In collaboration with colleagues at the Centre for Global Health, University of Split (P.I. Prof Igor Rudan) and the University of Edinburgh (P.I. Prof Harry Campbell), participants have been recruited to three Croatian cohorts. In the CROATIA-Vis study (recruited in collaboration with the Institute of Anthropological Research in Zagreb as a population-based study during 2003 and 2004 in the Dalmatian island of Vis), all subjects visited the clinical research centre in the region where they were examined and samples were taken. Biochemical and physiological measurements were performed, detailed genealogies reconstructed, questionnaire of lifestyle and environmental exposures collected, and blood samples stored for further analyses. CROATIA-Korcula participants were recruited in the same manner from the Dalmatian island of Korcula in 2007 and CROATIA-Split from the mainland Croatian city of Split in 2009-2010. Dr Ozren Polasek (Croatian Centre for Global Health and The University of Edinburgh) provided excellent local leadership of the field study team to recruit a further 3,000 participants in Korcula from 2012 - 2015, bringing the total size of the Croatian cohorts to 6,000.
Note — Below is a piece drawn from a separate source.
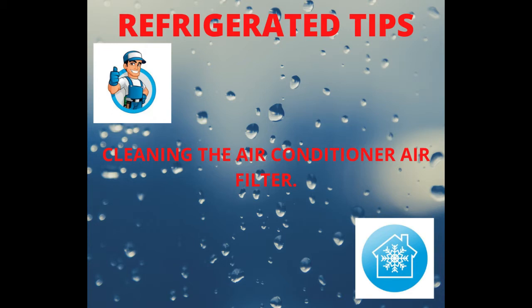1. Open the panel. 2. Lightly press the air filter, causing it to pop out. 3. Remove the filter.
We acknowledge the invaluable contributions of the recruitment teams in Vis, Korcula and Split (including those from the Institute of Anthropological Research in Zagreb and the Croatian Centre for Global Health at the University of Split), the administrative teams in Croatia and Edinburgh and the people of Vis, Korcula and Split.
The Generation Scotland Scottish Family Health Study (GS:SFHS) is a family-based genetic epidemiology cohort with DNA, other biological samples and socio-demographic and clinical data from approximately 24,000 adult volunteers, in ~7,000 family groups. Generation Scotland operates as a biobank and over 300 applications from investigators have been processed by the GS Access Committee. GS:SFHS has a breadth of phenotype information, including detailed data on cognitive function, personality traits and mental health. Although data collection was cross-sectional, GS:SFHS became a longitudinal cohort as a result of the ability to link to routine NHS electronic health record data, using the community health index (CHI) number.
Over twenty thousand GS:SFHS participants were selected for genotyping using a large genome-wide array. GWAS results replicate known associations and additionally reveal novel findings, with rare variants, validating the use of the Haplotype Reference Consortium imputation panel. The genome-wide data are being used by the QTL group in a range of research projects involving both international consortia and local experts.
The Northern Isles of Scotland (Orkney and Shetland) have been isolated from the rest of the British Isles by their geographic position at the extreme northern periphery. A high degree of haplotype sharing is evident in principal components analyses of Y chromosome variation: Orkney and Shetland stand side by side, isolated from all other sampling sites in the British Isles.
The Orkney Complex Disease Study (ORCADES) began in 2005 in the Orkney Islands and consists of a rich resource of deeply phenotyped subjects. Over 2,000 volunteers from the archipelago of Shetland were recruited to the Viking Health Study Shetland in 2013-2015. All of these participants, collectively termed “VIKING”, have at least two grandparents from the Northern Isles, more than 90% with three or four such grandparents. VIKING provides a rich resource of 2,000 deeply phenotyped subjects, including data on essentially the same traits and questionnaires as used in the Croatian studies. Genome-wide scans are available for all 4,300 participants.